The Iraqi people are suffering from a desperate lack of jobs, housing, health care and electricity, according to a survey by Iraqi authorities and the United Nations released on Thursday.
Planning Minister Barham Saleh, during a ceremony in Baghdad, blamed the dire living conditions in most of the country on decades of war but also on the shortcomings of the international community.
"The survey, in a nutshell, depicts a rather tragic situation of the quality of life in Iraq," Saleh said in English at the event, attended by UN Secretary General Kofi Annan's deputy representative in Iraq, Staffan de Mistura.
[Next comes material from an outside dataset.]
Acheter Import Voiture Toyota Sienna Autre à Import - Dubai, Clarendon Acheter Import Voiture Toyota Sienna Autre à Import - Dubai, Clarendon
The 370-page report entitled "Iraq Living Conditions Survey 2004" was conducted over the past year on a representative sample of 22,000 families in all of Iraq's 18 provinces.
Eighty-five percent of Iraqi households lacked stable electricity when the survey was carried out. Only 54 percent had access to clean water and 37 percent to sewage.
"If you compare this to the situation in the 1980s, you will see a major deterioration of the situation," said the newly appointed minister, pointing out that 75 percent of households had clean water two decades ago.
The report "shows a contrast between the potential of Iraq, with all the human and natural resources that we have, and the unfortunate lack of development and lack of quality of life we are suffering from," Saleh said.
The survey put the unemployment figure at 18.4 percent, but Saleh explained that "under-employment"" topped the 50-percent mark.